Payment of compensation to a disqualified person is one common type of self-dealing transaction. There is, however, an important exception to the self-dealing rules if the compensation paid to the disqualified person is for the performance of reasonable and necessary services rendered in carrying out the affairs of the foundation. Services are "necessary" if they are essential to the conduct of foundation activities. The compensation is "reasonable" if it is comparable to that ordinarily paid for similar services by similar enterprises under similar circumstances.
The most appropriate comparisons are to similarly-situated foundations. Since all private foundations and public charities are required to disclose (upon request) the compensation of the five highest paid foundation employees and independent contractors, as well as the compensation of each officer, director, trustee and foundation manager, comparability information may be readily available. A website (http://fdncenter.org) makes the process even easier by providing on-line IRS Forms 990 PF filed by private foundations. The Council on Foundations also publishes a biennial Foundation Management report, which contains private foundation compensation levels by size of foundation, position and area of the country.
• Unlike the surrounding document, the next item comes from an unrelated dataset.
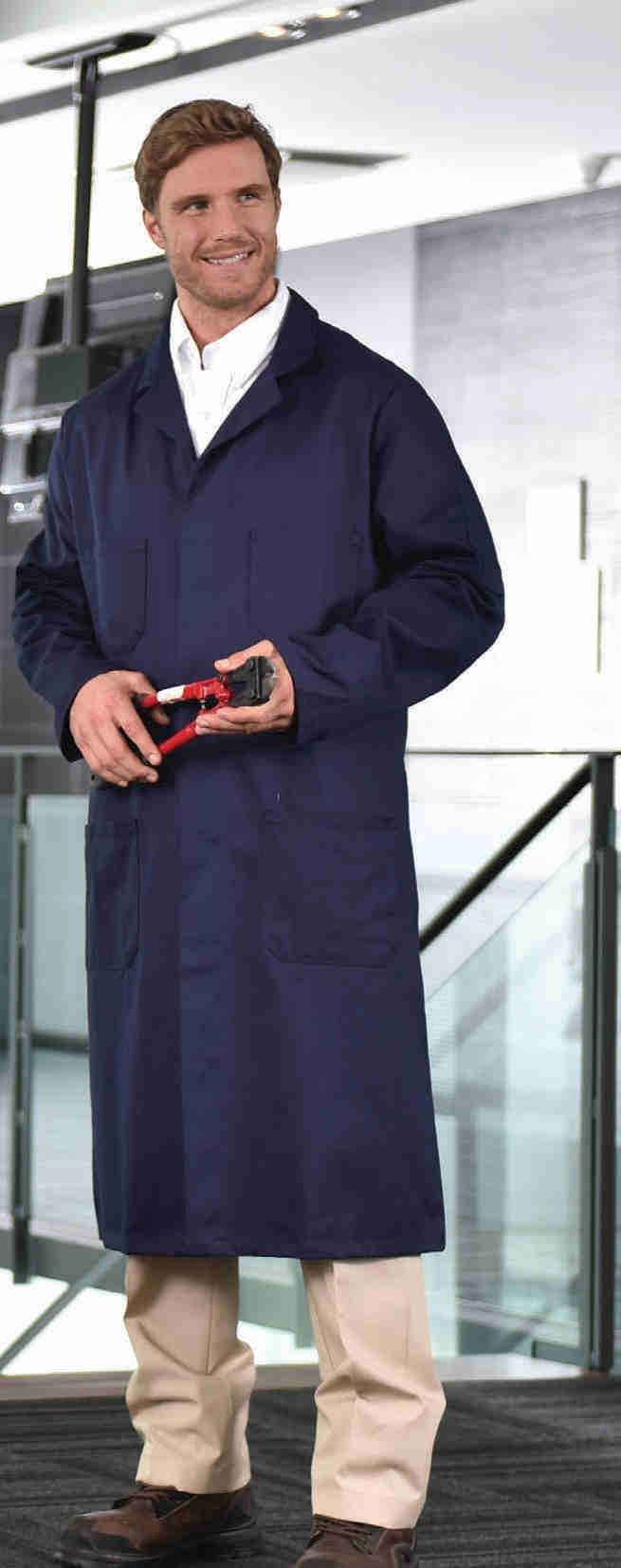 SHOP COATS shop Coat Made from comfortable material, this traditional design offers added convenience and utility with two chest and two thigh pockets plus a useful split-pocket on the sleeve.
The Council also provides on-line help to foundations looking to locate similar foundations in their geographical area (http://www.cof.org). Council members can obtain salary tables and administrative expense data via that website.
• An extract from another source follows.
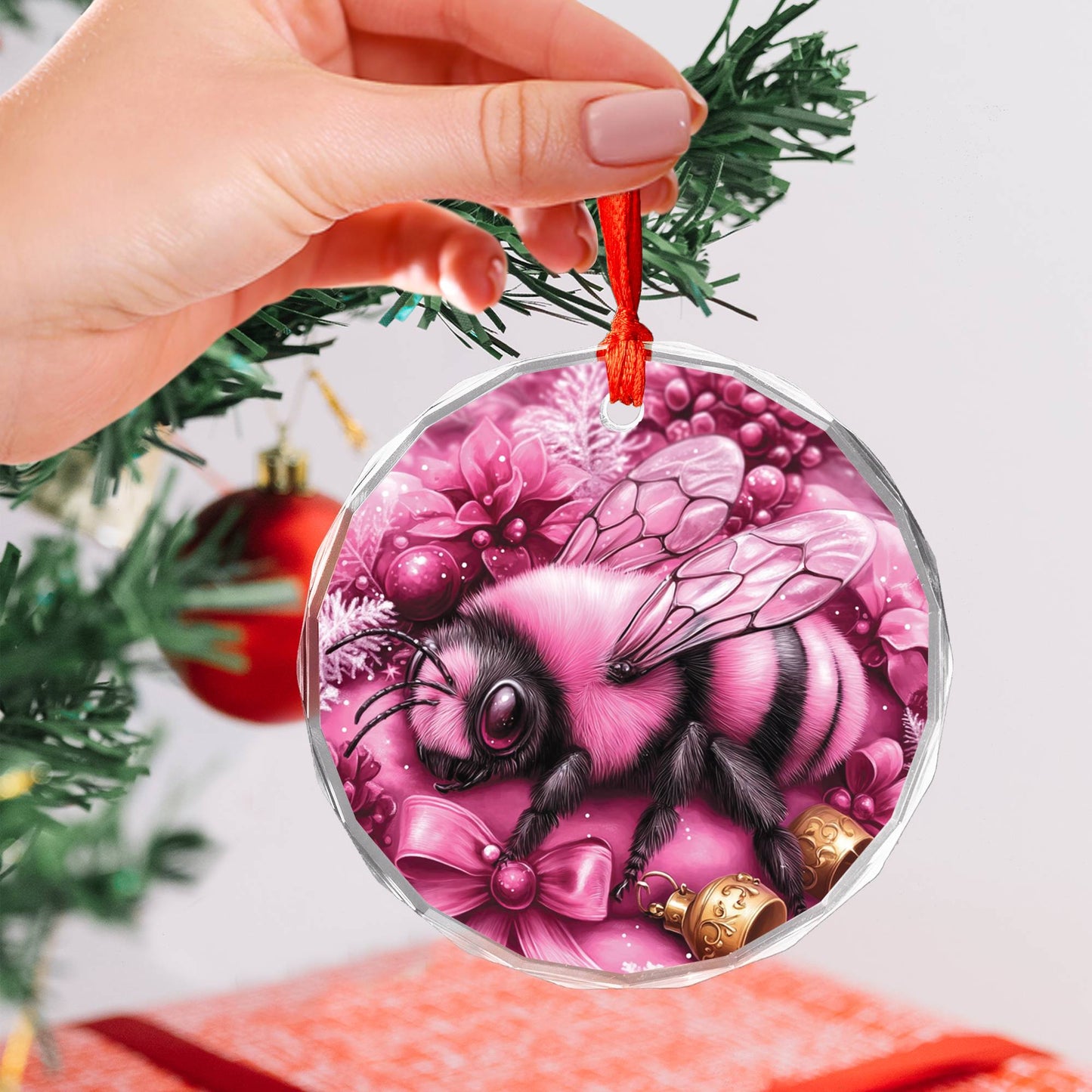 Bee Pink Christmas Design 1 Glass Ornament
Non-compliance with these rules (even if inadvertent) may have harsh tax consequences. Any amount of self-dealing (even $1 in a $1,000,000 transaction) can cause a problem. A two-fold excise tax may apply (a 5% tax on the recipient, and a 21/2% tax on every manager who participated in the transaction). The act of self-dealing may result in loss of tax-exempt status since the transaction constitutes private inurement, i.e., the use of foundation funds for private, rather than charitable, purposes.
In short, private foundations may pay appropriate compensation to disqualified persons. But the foundation must proceed carefully in so doing in order to avoid excise tax exposure and the possible loss of tax-exempt status. The foundation should therefore regularly undertake and document sufficient due diligence, with the assistance of its tax attorney, to establish the reasonableness of the compensation paid.